If you fail to attach either of these documents to the sales contract, the purchaser may be entitled to rescind the sales contract within 14 days of exchange, unless settlement has already occurred. To check if the property with a swimming/spa pool has a current certificate of compliance, visit the NSW Swimming Pool Register website.
Please visit the Swimming pools page on the Fair Trading website for further information or contact your local council.
Property exclusions must also be included and a statement of the buyer’s cooling-off rights must be attached. The draft contract must be available for inspection at the agent’s office. It is important that you consult your solicitor or conveyancer about preparing the contract to make sure that everything is in order.
There are two main ways of selling a residential property, by private treaty and by auction.
When you sell your home by private treaty, you set a price and the property is listed for sale at that price.
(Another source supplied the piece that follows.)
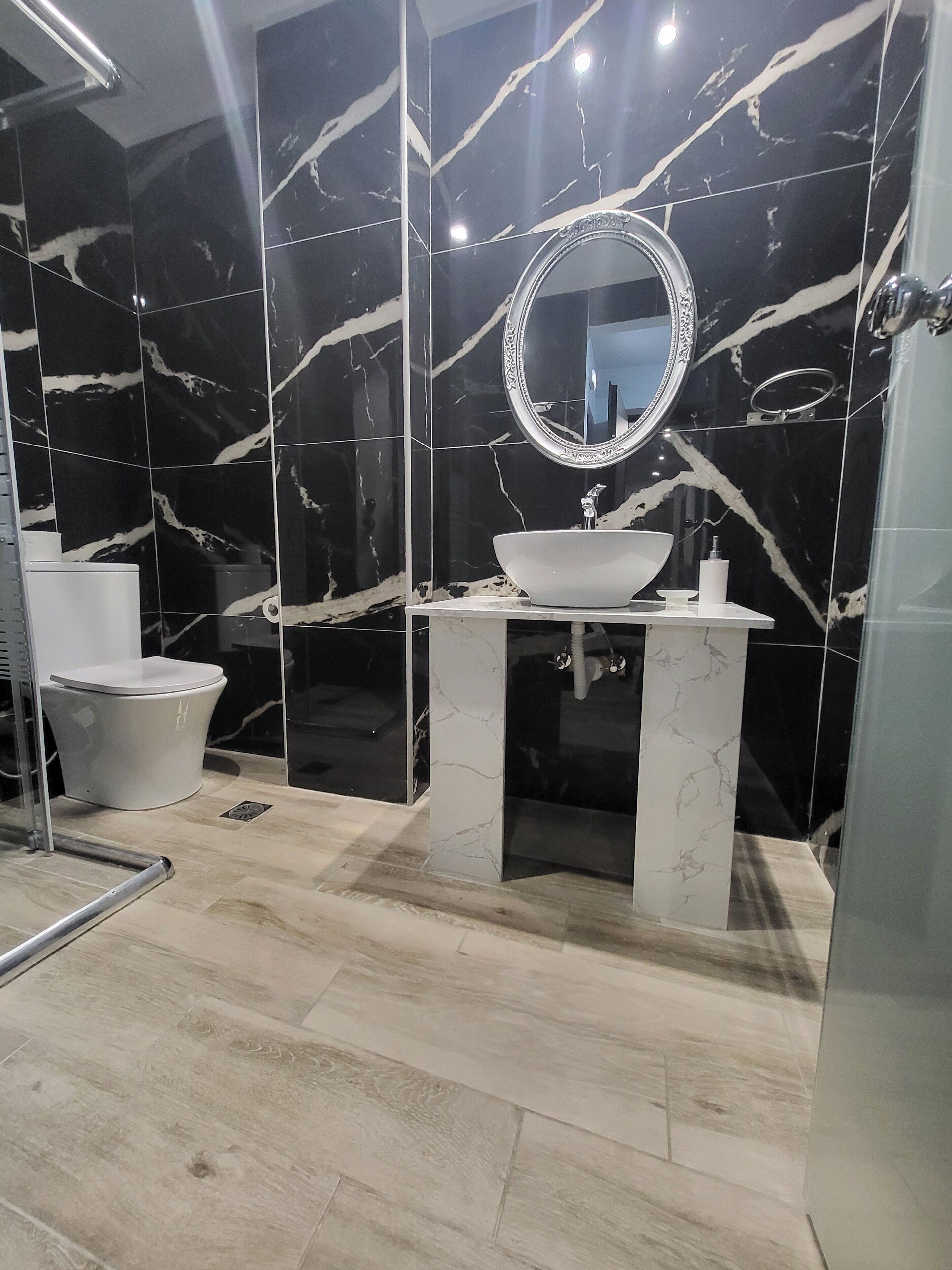 Une salle de bain moderne avec un pare-baignoire en marbre, un miroir rond, un lavabo blanc et des toilettes.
In general, the price is negotiable with the seller often asking a higher amount than they expect to sell the property for, and the buyer making an initial offer much lower than the asking price.
The process of a sale by private treaty offers the following benefits:
- greater control over the sale
- time to consider offers by potential purchasers
- the ability to extend the time for which your home is for sale indefinitely
- potential purchasers must make offers for your property ‘blind’, without knowing what other buyers think it is worth.
Selling privately is often just as tense as a public auction, and you will be faced with important decisions when you are presented with offers which are lower than your asking price.
There are risks with selling by private treaty which also should be considered:
- if the price you set is too high, your property may not sell
- if the price you set is too low, you may miss out on maximising the selling price.
You should also be aware that when a property is sold by private treaty, the buyer has a five day cooling-off period during which they may withdraw from the sale.
To sell through an auction process, the amount you want for the property is generally not revealed to potential buyers who are encouraged to attend the auction and bid for the property against other potential buyers.
Auctions have become an increasingly popular way to sell or buy residential property, but before you decide to go down that path, do your homework and familiarise yourself with the process and what it involves.
Setting a reserve price
The reserve price is the lowest amount you are willing to accept for your property. Before bidding begins, advise your agent what you nominate as the reserve price. This is usually not told to the prospective buyers.
If the highest bid is below the reserve price, the property will be ‘passed in’. You will then either try and negotiate a price with interested bidders or put the property back on the market.
If the bidding continues beyond the reserve price, the property is sold at the fall of the auctioneer’s hammer.
The successful bidder must sign the sale contract and pay you a deposit on the spot (usually 10%). There is no cooling-off period for anyone who buys a property at auction. If the property is passed in at auction but contracts are exchanged on that same day, the cooling-off period still does not apply.
Exchanging sale contracts is the legal part of selling a home and happens regardless of whether you sell your property by private treaty or auction.
There will be two copies of the sale contract: one for you and one for the buyer. You each sign one copy before they are swapped or ‘exchanged’. This can be done by hand or post and is usually arranged by your solicitor, conveyancer or the agent. At the time of the exchange, the buyer will be required to pay a deposit, usually 10% of the purchase price.
The contract exchange is a critical point in the sale process:
- The buyer or seller is not legally bound until signed copies of the contract are exchanged.
- Buyers of residential property usually have a cooling off period of five working days following the exchange of contracts during which they can withdraw from the sale.
- If the agent arranges exchange of contacts, the agent must give copies of the signed contract to each party or their solicitor or conveyancer within 2 business days.
- The cooling off period can be waived, reduced or extended by negotiation.
- There is no cooling off period for sellers. Once contracts have been exchanged, sellers are generally bound to complete the agreement.
- There is no cooling off period when purchasing at auction.
Settlement is the conclusion of the sale transaction and usually takes place about six weeks after contracts are exchanged.